Extracted material:
◇ ◇ ◇

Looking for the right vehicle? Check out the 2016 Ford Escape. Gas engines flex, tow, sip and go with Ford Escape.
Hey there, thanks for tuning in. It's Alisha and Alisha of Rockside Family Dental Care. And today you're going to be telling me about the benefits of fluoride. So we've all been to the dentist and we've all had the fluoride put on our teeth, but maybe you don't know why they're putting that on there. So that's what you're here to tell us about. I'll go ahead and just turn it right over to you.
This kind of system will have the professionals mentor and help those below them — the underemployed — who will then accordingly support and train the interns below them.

◇ ◇ ◇

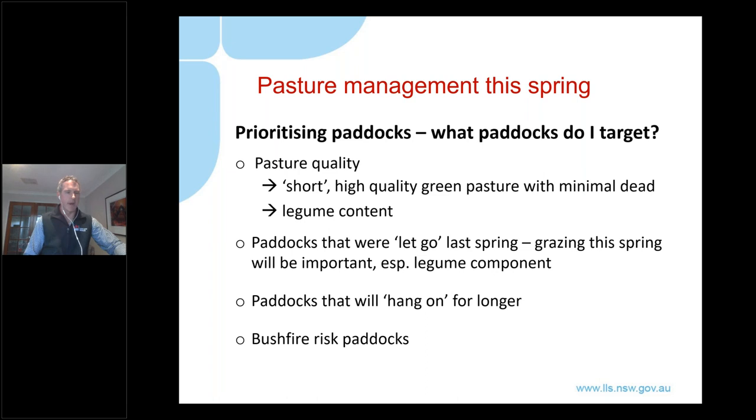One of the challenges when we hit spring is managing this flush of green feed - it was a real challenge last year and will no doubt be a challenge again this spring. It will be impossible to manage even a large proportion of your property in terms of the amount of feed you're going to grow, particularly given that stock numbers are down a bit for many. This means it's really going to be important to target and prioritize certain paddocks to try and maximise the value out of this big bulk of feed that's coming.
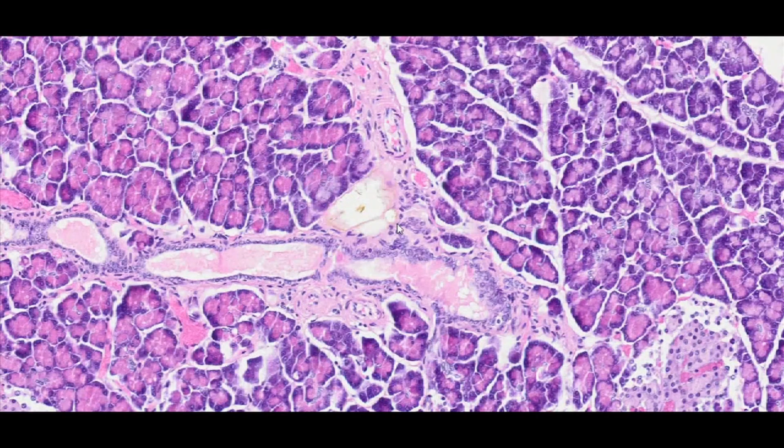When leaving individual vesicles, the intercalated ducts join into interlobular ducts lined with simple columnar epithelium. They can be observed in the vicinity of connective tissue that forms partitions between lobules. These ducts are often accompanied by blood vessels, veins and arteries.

◇ ◇ ◇

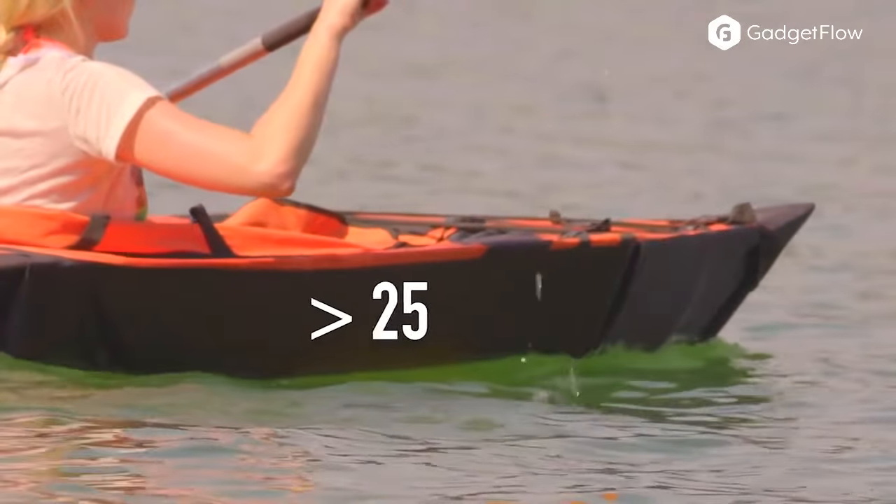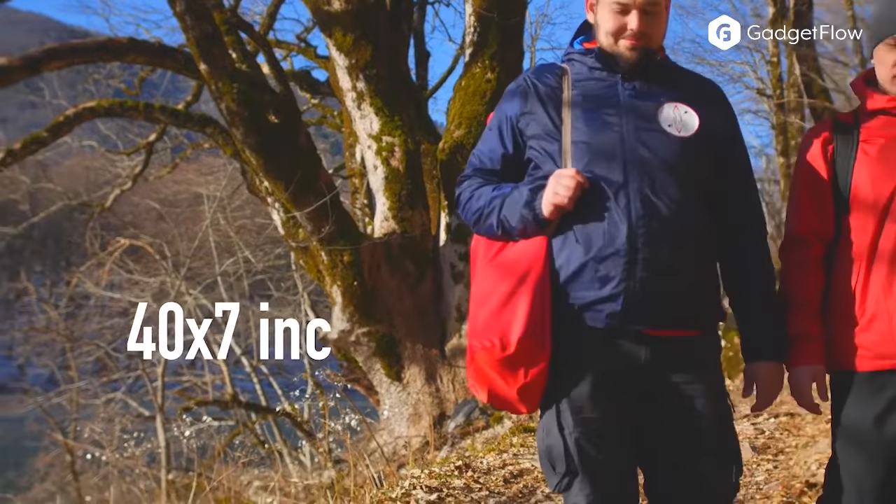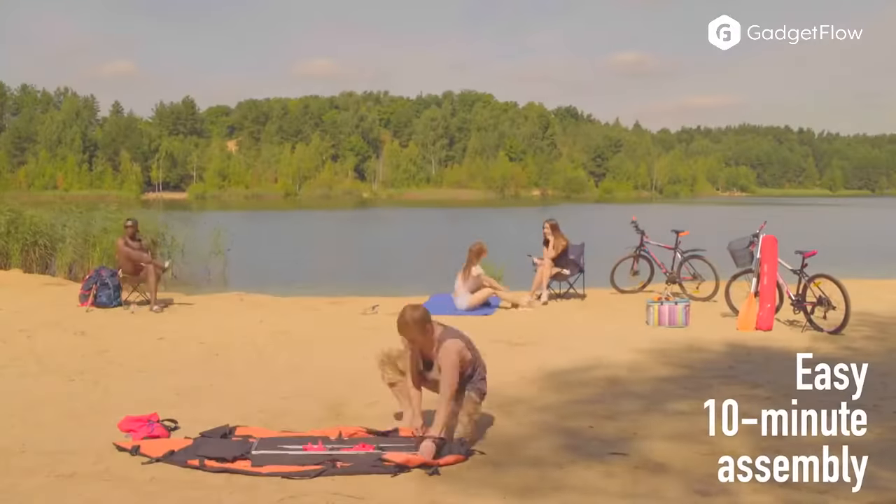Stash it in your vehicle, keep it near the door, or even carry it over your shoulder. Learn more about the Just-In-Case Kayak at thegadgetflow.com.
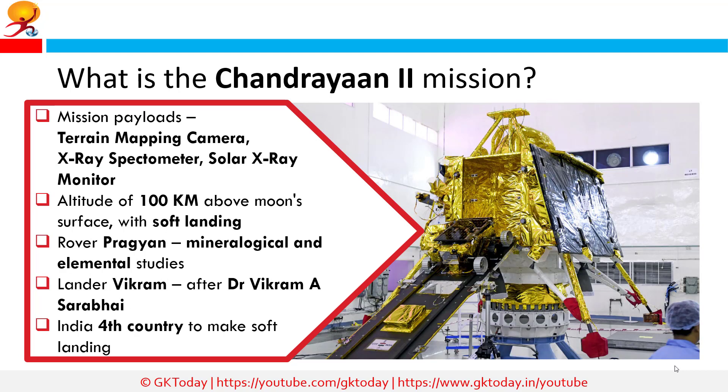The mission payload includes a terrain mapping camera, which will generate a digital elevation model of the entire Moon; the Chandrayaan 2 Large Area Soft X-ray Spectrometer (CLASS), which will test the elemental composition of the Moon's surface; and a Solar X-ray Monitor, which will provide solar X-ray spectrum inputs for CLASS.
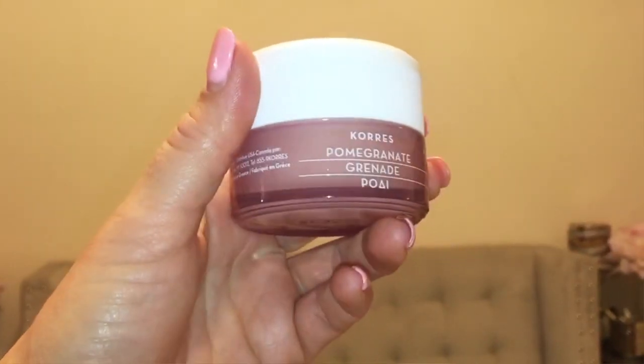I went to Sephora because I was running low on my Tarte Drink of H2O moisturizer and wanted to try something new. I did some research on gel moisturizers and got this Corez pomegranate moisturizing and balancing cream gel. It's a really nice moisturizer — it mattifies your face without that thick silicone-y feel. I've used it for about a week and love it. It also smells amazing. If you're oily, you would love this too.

◇ ◇ ◇

A verbatim transcription is needed of the lines above, starting at the line with "Looking for the" and ending at the line with "This kind of", both included, and of nothing else.

Looking for the right vehicle? Check out the 2016 Ford Escape. Gas engines flex, tow, sip and go with Ford Escape.
Hey there, thanks for tuning in. It's Alisha and Alisha of Rockside Family Dental Care. And today you're going to be telling me about the benefits of fluoride. So we've all been to the dentist and we've all had the fluoride put on our teeth, but maybe you don't know why they're putting that on there. So that's what you're here to tell us about. I'll go ahead and just turn it right over to you.
This kind of system will have the professionals mentor and help those below them — the underemployed — who will then accordingly support and train the interns below them.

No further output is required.